| TASK ITEM |
Return all lines of the records that contain the word "Light".

BEGIN EXCERPTED DATA

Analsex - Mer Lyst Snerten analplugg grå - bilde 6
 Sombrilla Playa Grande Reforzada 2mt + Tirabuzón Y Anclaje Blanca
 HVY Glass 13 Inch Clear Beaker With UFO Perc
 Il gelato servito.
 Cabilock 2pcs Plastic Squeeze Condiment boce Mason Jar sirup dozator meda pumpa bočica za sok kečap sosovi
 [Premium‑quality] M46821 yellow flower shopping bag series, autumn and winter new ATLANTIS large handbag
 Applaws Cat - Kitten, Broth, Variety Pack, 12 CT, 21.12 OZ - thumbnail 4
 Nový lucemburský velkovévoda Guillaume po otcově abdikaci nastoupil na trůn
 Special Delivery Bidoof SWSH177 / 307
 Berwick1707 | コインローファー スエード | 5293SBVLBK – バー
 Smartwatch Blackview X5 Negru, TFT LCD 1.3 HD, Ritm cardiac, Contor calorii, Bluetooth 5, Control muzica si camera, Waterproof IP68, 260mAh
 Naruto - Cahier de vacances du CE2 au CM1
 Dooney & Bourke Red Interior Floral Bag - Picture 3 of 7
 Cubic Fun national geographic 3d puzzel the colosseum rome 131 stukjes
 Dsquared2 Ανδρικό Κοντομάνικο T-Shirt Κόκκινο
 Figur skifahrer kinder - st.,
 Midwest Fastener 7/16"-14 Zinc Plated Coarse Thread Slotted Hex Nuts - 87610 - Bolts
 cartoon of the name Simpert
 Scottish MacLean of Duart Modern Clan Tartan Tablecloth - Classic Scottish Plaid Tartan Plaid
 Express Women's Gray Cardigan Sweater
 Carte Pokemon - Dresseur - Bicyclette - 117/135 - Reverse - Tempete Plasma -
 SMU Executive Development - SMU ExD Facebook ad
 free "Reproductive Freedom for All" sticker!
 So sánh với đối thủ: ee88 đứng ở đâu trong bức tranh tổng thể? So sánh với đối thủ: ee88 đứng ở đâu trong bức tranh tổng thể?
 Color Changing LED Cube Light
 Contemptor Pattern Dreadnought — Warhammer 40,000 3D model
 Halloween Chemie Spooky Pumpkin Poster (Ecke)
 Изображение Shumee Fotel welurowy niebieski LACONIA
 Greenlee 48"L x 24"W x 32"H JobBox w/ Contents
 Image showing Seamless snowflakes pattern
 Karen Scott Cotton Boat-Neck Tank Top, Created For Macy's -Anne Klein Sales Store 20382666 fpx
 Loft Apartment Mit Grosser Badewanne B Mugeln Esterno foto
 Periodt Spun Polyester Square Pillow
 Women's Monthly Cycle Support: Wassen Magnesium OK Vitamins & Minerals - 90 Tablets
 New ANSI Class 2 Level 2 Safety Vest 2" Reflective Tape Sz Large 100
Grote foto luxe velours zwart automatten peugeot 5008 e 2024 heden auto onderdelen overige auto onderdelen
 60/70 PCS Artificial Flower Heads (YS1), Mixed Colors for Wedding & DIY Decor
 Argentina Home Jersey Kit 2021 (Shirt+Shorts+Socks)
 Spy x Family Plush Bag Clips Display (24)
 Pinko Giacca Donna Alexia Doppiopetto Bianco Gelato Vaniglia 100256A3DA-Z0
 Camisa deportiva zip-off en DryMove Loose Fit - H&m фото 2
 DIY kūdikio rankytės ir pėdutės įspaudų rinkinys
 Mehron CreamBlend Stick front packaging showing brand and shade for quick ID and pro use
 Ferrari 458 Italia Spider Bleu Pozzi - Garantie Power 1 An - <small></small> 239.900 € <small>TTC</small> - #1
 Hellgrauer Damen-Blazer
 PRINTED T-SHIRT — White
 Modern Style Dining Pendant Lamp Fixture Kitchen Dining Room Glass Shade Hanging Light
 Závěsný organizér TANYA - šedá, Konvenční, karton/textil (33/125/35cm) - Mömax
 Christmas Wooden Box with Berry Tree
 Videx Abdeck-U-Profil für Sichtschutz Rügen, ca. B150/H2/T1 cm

END EXCERPTED DATA

| ANSWER TO THIS PROBLEM |
 Color Changing LED Cube Light
 Modern Style Dining Pendant Lamp Fixture Kitchen Dining Room Glass Shade Hanging Light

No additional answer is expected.